Isto é, o Governo começa por se recusar a aceitar a real e estrutural dimensão do
desemprego em Portugal.
2. Outra questão que deveria ser prévia ao lançamento de um novo Plano, se a
seriedade dos propósitos enunciados se sobrepusesse à vontade de fazer propaganda, seria
uma rigorosa quantificação e avaliação qualitativa dos numerosos planos que nos
últimos anos foram lançados por sucessivos governos. Pelo menos, fazê-lo relativamente
aos planos da ex-ministra do Trabalho, Maria João Rodrigues, e a criação de mais 100
mil postos de trabalho até 1999, previstos no Acordo de Concertação Social de 1996!
3. Mas o mais grave é que o conteúdo substantivo do Plano Nacional de Emprego
corresponde à concretização das receitas neoliberais decididas pela Cimeira Europeia
sobre o Emprego (que, aliás, repetiu pela enésima vez, com novas formulações, o
chamado Livro Branco de Delors). Receitas que, no fundamental e em síntese, se traduzem
no levantamento de obstáculos ao bom funcionamento do mercado de trabalho (ou a
eliminação da rigidez do mercado de trabalho), e no abaixamento dos custos de força de
trabalho.
No meio de um denso nevoeiro, surgem dois objectivos fundamentais e complementares:
uma mão-de-obra «flexível», «disponível», adaptável às necessidades das empresas, com medidas sobre o trabalho parcial, trabalho temporário, contratos a prazo, do regime jurídico de férias, que se traduzirá num novo acréscimo da precariedade do trabalho;
uma mão-de-obra barata medidas para o abaixamento dos custos não salariais (o que significa reduzir as contribuições para a Segurança Social) e os incentivos financeiros para as empresas.
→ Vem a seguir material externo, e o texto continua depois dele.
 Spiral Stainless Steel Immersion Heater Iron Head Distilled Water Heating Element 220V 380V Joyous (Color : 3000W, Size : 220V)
Objectivos que se traduzirão em novas
dádivas ao grande capital e uma nova desregulamentação das relações laborais.
A inutilidade daquelas políticas e medidas, enunciadas e concretizadas por diversos
governos, é suficientemente evidenciada pela manutenção de elevadas taxas de desemprego
em Portugal e na Europa, sem que o flagelo mostre tendência para se esbater.
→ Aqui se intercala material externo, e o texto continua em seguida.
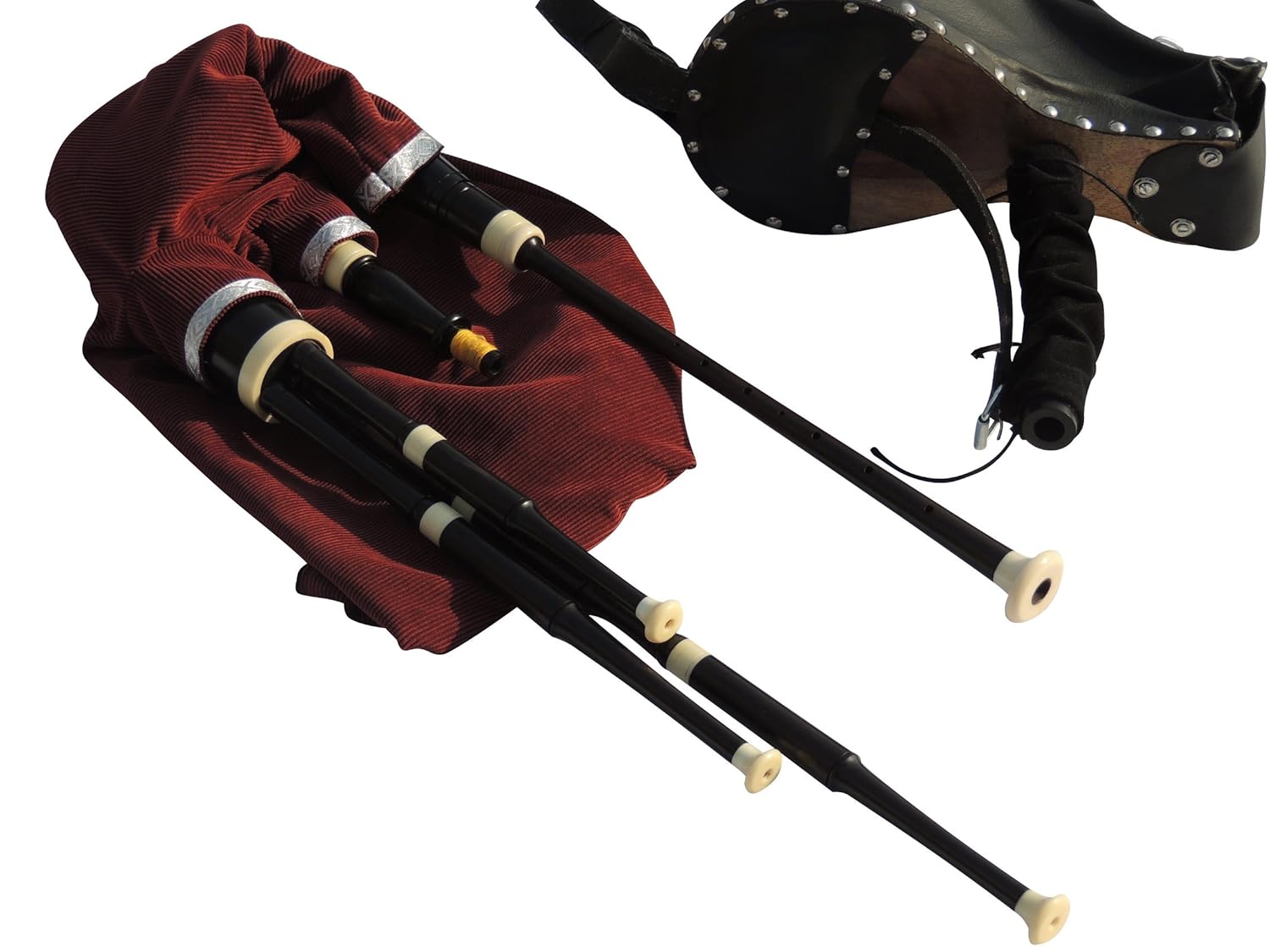 Scottish Smallpipes in A, with Bellows Amazon.co.uk Musical Instruments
4. O novo Plano serve ainda de cortina de fumo para o prosseguimento das políticas
pelo Governo PS, elas sim, geradoras de desemprego. Devem, em particular, destacar-se:
as políticas que se traduzem na crescente desigualdade de distribuição do rendimento nacional, favoráveis aos detentores do grande capital e desfavoráveis aos que vivem de salários, pensões, rendimentos de actividade por conta própria, etc., restringindo o mercado interno;
as políticas nacionais e comunitárias que se traduzem na ruína de sectores produtivos nacionais, na agricultura, nas pescas, na indústria;
as políticas de apoio à aquisição e fusão de empresas, resultando em reestruturações empresariais responsáveis por novos e volumosos despedimentos;
as políticas de convergência nominal, no caminho para a União Económica e Monetária (UEM) e a Moeda Única (MU), responsáveis por políticas orçamentais e outras, cerceadoras do investimento e do crescimento económico que o País necessita e que é possível.
O novo Plano Nacional de Emprego, mesmo considerando as medidas avulsas de conteúdo positivo, designadamente no plano da formação, não será a resposta que os trabalhadores e o País necessitam para responder ao direito constitucional do trabalho com direitos. É antes, um plano de gestão do desemprego.